Directions for this task:
Without the pictures, set down every line of the data exactly.
Segment Start: Given material
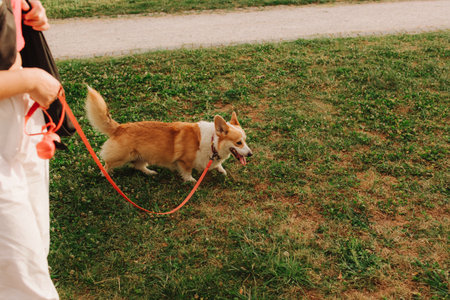 Dog walker and Welsh Corgi dog enjoy sunny day out on sidewalk. Female leads her dog at leash in park. Woman with her pet have fun at morning walking. Soft focus. Part of a seriesの写真素材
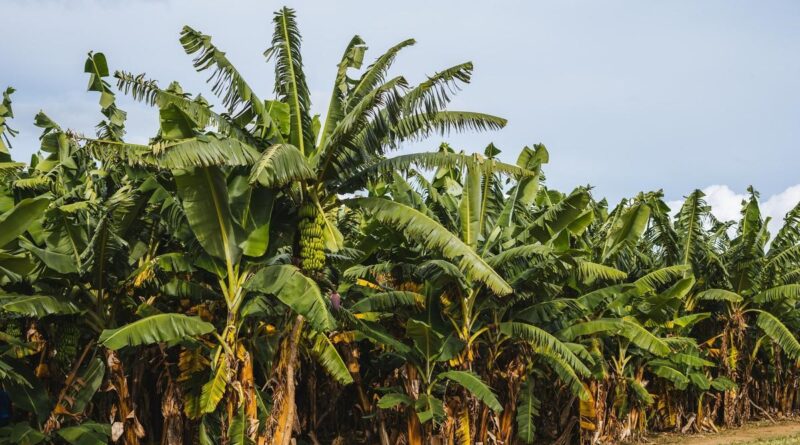cara mengolah batang pisang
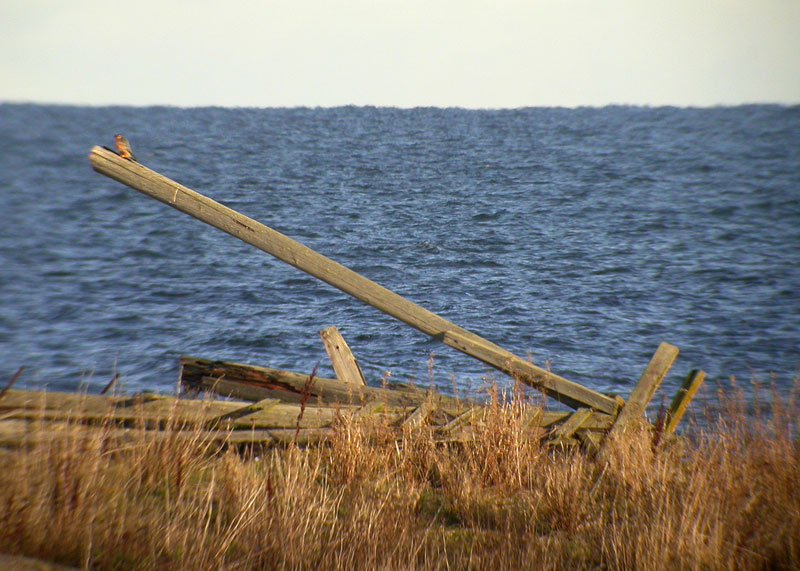 Ampuhaukka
Segment End: Given material
Solution:
 Dog walker and Welsh Corgi dog enjoy sunny day out on sidewalk. Female leads her dog at leash in park. Woman with her pet have fun at morning walking. Soft focus. Part of a seriesの写真素材
cara mengolah batang pisang
 Ampuhaukka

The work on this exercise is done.